***** Data to examine *****

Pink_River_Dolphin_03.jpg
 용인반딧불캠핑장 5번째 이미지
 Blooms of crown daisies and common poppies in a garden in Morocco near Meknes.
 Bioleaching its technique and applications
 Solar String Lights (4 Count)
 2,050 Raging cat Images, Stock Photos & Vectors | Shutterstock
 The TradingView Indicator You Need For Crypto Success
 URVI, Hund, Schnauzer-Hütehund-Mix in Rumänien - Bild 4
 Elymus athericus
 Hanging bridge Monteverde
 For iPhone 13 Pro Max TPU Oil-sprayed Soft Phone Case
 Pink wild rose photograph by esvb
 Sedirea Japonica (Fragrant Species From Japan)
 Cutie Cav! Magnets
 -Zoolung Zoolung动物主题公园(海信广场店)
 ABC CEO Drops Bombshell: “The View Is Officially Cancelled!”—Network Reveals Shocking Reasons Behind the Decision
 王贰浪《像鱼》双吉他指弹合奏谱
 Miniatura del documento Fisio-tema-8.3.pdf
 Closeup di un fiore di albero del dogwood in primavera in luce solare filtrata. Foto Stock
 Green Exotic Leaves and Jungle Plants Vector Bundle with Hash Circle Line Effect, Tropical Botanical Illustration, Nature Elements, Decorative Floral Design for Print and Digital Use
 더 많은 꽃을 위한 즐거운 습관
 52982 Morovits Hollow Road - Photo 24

*****

▸ **Exercise**
Please show all lines from the entries that contain the word "Stock".

▸ **Solution below**
 2,050 Raging cat Images, Stock Photos & Vectors | Shutterstock
 Closeup di un fiore di albero del dogwood in primavera in luce solare filtrata. Foto Stock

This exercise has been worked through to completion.